The TypeScript SDK provides an async client for interacting with the SIE server from Node.js and browser environments.

Terminal window
pnpm add @sie/sdk

Or with npm:

Terminal window
npm install @sie/sdk

Async client for the SIE server. All methods return Promises.

import { SIEClient } from "@sie/sdk";
const client = new SIEClient(
baseUrl: string, // Server URL (e.g., "http://localhost:8080")
options?: {
timeout?: number, // Request timeout in milliseconds (default: 30000)
apiKey?: string, // API key for authentication
gpu?: string, // Default GPU type for routing
pool?: PoolSpec, // Resource pool configuration
waitForCapacity?: boolean, // Auto-retry on 202 (default: false)
provisionTimeout?: number, // Max wait for provisioning in ms (default: 300000)
}
);

Generate embeddings.

async encode(
model: string, // Model name
items: Item | Item[], // Items to encode
options?: {
outputTypes?: OutputType[], // ["dense", "sparse", "multivector"]
instruction?: string, // Task instruction for instruction-tuned models
outputDtype?: DType, // "float32", "float16", "int8", "binary"
isQuery?: boolean, // Query vs document encoding
gpu?: string, // GPU routing
waitForCapacity?: boolean, // Wait for scale-up
}
): Promise<EncodeResult | EncodeResult[]>

Returns: Single EncodeResult if single item passed, otherwise array.

Example:

// Single item
const result = await client.encode("BAAI/bge-m3", { text: "Hello" });
console.log(result.dense?.slice(0, 5)); // Float32Array
// Batch
const results = await client.encode("BAAI/bge-m3", [
{ text: "First" },
{ text: "Second" },
]);

Rerank items against a query using a cross-encoder or late interaction model.
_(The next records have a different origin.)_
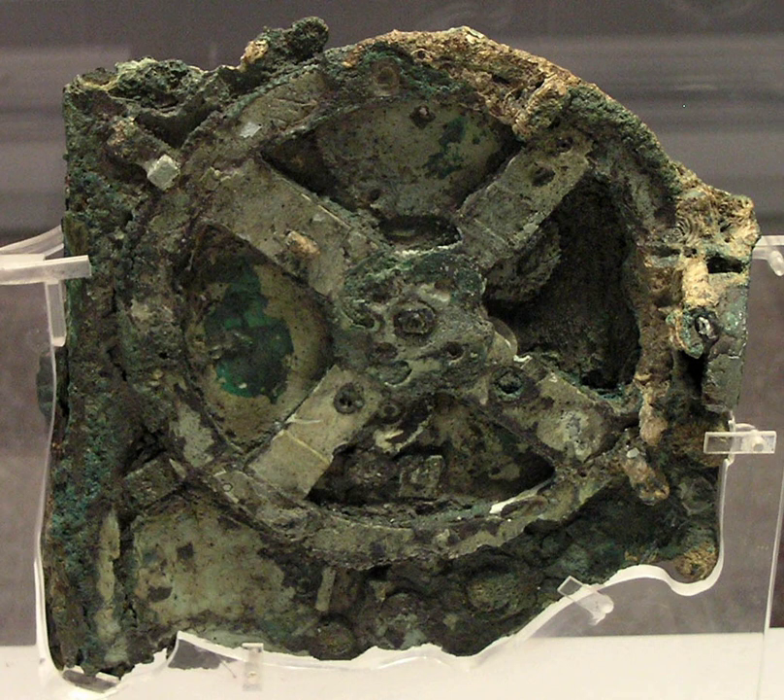Minor Fragments. Many of the smaller fragments that have been found contain nothing of apparent value. However, a few have some inscriptions on them. Fragment 19 contains significant backdoor inscriptions including one reading '76 years,' which refers to the Callippic cycle. Other inscriptions seem to describe the function of the back dials. In addition to this important minor fragment, 15 further minor fragments have remnants of inscriptions on them.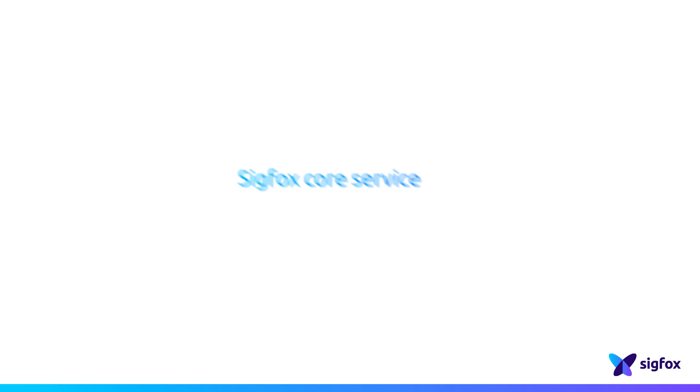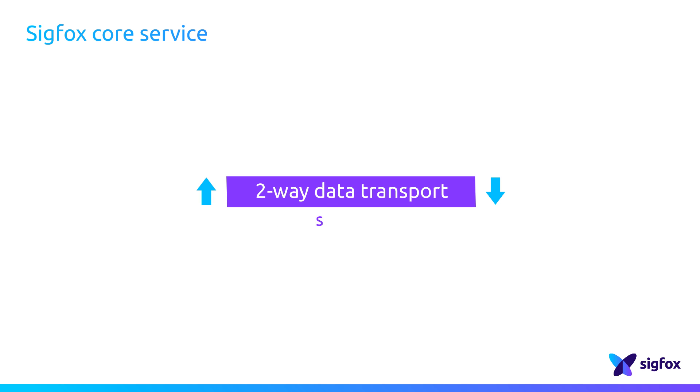Sigfox is the world's leading provider of dedicated connectivity for the Internet of Things. Sigfox provides a two-way communication service through a global radio network. Two-way stands for bi-directional or duplex, meaning that messages can be sent but also received by a connected device.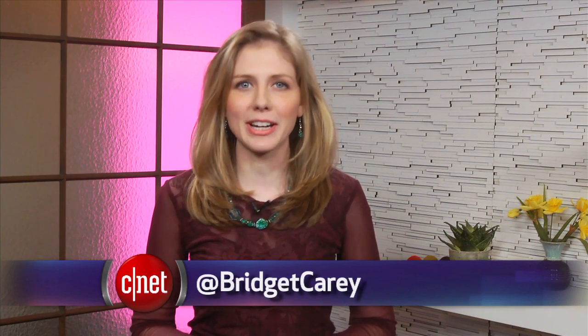That's your tech news update, and you can get more details at cnet.com. From our studios in New York, I'm Bridget Carey.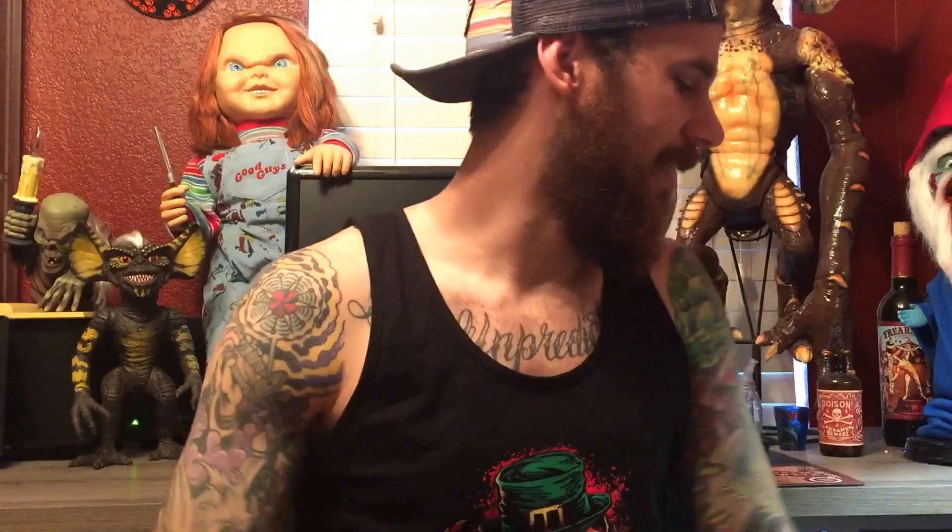Hey guys, Eric here again in the Horror Man Cave. I know it's been a while since I've posted any videos. I've just been really busy doing all kinds of stuff, working a lot, making some cool little things. This is just going to be a short little video of me showing you guys a couple of little things I made.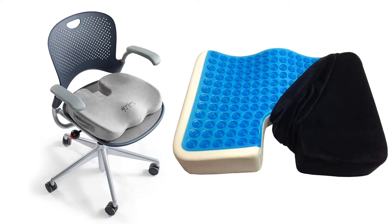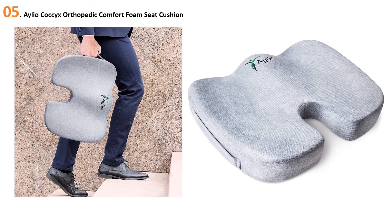You are watching Short Review. In this episode, we're talking about the top five best tailbone cushions of 2020. Let's get started with the list. At number five: the Alio Coccyx Orthopedic Comfort Foam Seat Cushion.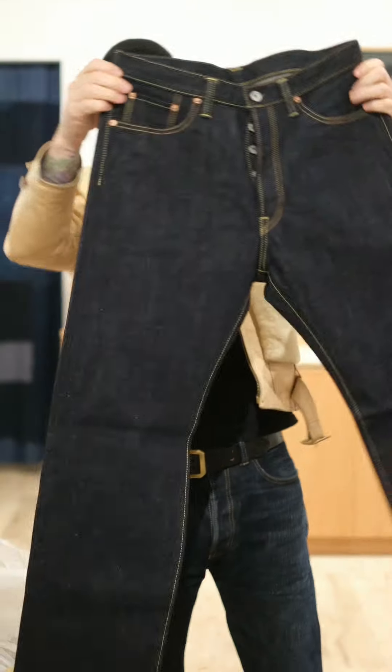17 ounce versus 14 ounce — a lot of times we carry the 21 ounce. These are the most popular jean for us.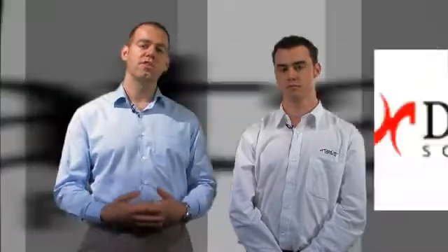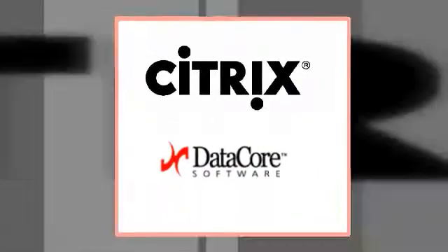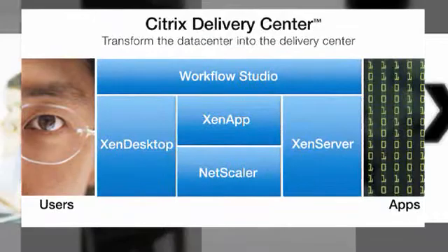Hi, I'm Mark from Citrix Systems, here with Mike from DataCore to discuss the combined capabilities of DataCore with Citrix XenServer — the first and only solution on the market to address both virtual and physical servers, making the entire data center more dynamic to business needs.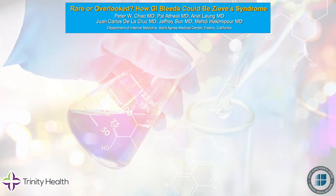Hello, everybody. My name is Peter Chow, and I am a second-year internal medicine resident at St. Agnes Medical Center in Fresno, California. I would like to talk about Zieve's syndrome today.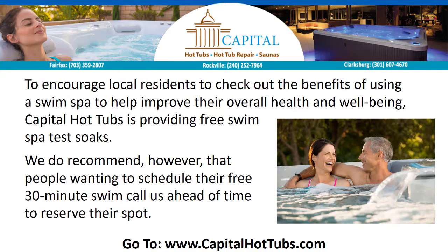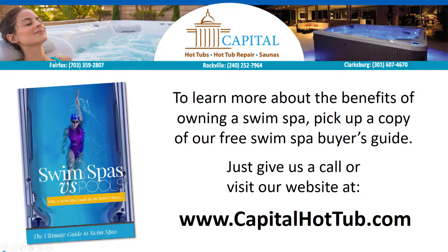To encourage local residents to check out the benefits of using a swim spa to help improve their overall health and well-being, Capital Hot Tubs is providing free swim spa test soaks. We recommend that people wanting to schedule their free 30-minute swim call us ahead of time to reserve their spot. To learn more about the benefits of owning a swim spa, pick up a copy of our free swim spa buyer's guide. Just give us a call or visit our website at www.capitalhottub.com.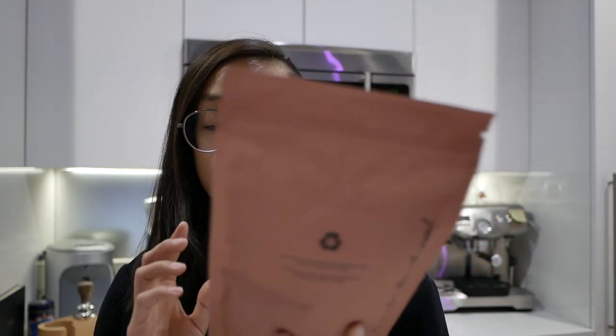So this is a delicious Ethiopian washed with peach iced tea, fruity, floral, and juicy flavors. This one is already ready for putting away and to consume.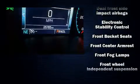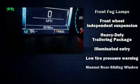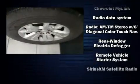Chevrolet also prioritized safety and security with features such as dual front impact airbags with occupant sensing airbag, front side impact airbags, traction control, a security system, and four-wheel disc brakes with ABS. With electronic stability control supplementing mechanical systems, you'll maintain precise command of the roadway.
Returns items sorted by relevance score (highest first).

async score(
model: string, // Model name (e.g., "BAAI/bge-reranker-v2-m3")
query: Item, // Query item with text or multivector
items: Item[], // Items to score against query
options?: {
topK?: number, // Return only top K results
gpu?: string,
waitForCapacity?: boolean,
}
): Promise<ScoreResult>

Example:

const result = await client.score(
"BAAI/bge-reranker-v2-m3",
{ text: "What is Python?" },
[{ text: "Python is..." }, { text: "Java is..." }]
);
// Scores are sorted by relevance (rank 0 = most relevant)
for (const entry of result.scores) {
console.log(`Rank ${entry.rank}: ${entry.score.toFixed(3)}`);
}

Note: For ColBERT-style models, you can pass pre-computed multivectors to score client-side without a server round-trip. See the Scoring Utilities section.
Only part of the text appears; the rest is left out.